*** Given information ***










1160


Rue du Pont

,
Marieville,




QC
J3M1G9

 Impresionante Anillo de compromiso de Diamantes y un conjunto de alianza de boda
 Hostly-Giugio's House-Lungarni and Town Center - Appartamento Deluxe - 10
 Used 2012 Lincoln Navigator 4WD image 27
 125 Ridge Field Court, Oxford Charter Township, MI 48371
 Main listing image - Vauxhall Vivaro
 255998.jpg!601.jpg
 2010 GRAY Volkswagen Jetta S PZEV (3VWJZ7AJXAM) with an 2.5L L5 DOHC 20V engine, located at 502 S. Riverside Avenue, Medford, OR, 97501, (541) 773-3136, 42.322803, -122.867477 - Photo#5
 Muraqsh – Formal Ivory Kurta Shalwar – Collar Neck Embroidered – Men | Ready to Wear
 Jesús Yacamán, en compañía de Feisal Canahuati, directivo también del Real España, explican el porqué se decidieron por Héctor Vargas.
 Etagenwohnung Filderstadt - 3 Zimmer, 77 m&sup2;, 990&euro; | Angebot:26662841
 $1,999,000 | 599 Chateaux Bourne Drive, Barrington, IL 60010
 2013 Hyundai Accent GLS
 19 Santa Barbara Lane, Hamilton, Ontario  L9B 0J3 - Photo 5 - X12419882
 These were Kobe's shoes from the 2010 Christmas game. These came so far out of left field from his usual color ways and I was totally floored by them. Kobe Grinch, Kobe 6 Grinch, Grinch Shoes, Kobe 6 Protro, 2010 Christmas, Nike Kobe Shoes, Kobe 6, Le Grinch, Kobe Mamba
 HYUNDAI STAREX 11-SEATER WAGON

*** End of Given information ***

■ Instructions to follow ■
Using the records above, write out exactly the lines between the one holding "Used 2012 Lincoln Navigator 4WD image 27" and the one holding "19 Santa Barbara", inclusive; leave everything else out.

■ Finished exercise ■
 Used 2012 Lincoln Navigator 4WD image 27
 125 Ridge Field Court, Oxford Charter Township, MI 48371
 Main listing image - Vauxhall Vivaro
 255998.jpg!601.jpg
 2010 GRAY Volkswagen Jetta S PZEV (3VWJZ7AJXAM) with an 2.5L L5 DOHC 20V engine, located at 502 S. Riverside Avenue, Medford, OR, 97501, (541) 773-3136, 42.322803, -122.867477 - Photo#5
 Muraqsh – Formal Ivory Kurta Shalwar – Collar Neck Embroidered – Men | Ready to Wear
 Jesús Yacamán, en compañía de Feisal Canahuati, directivo también del Real España, explican el porqué se decidieron por Héctor Vargas.
 Etagenwohnung Filderstadt - 3 Zimmer, 77 m&sup2;, 990&euro; | Angebot:26662841
 $1,999,000 | 599 Chateaux Bourne Drive, Barrington, IL 60010
 2013 Hyundai Accent GLS
 19 Santa Barbara Lane, Hamilton, Ontario  L9B 0J3 - Photo 5 - X12419882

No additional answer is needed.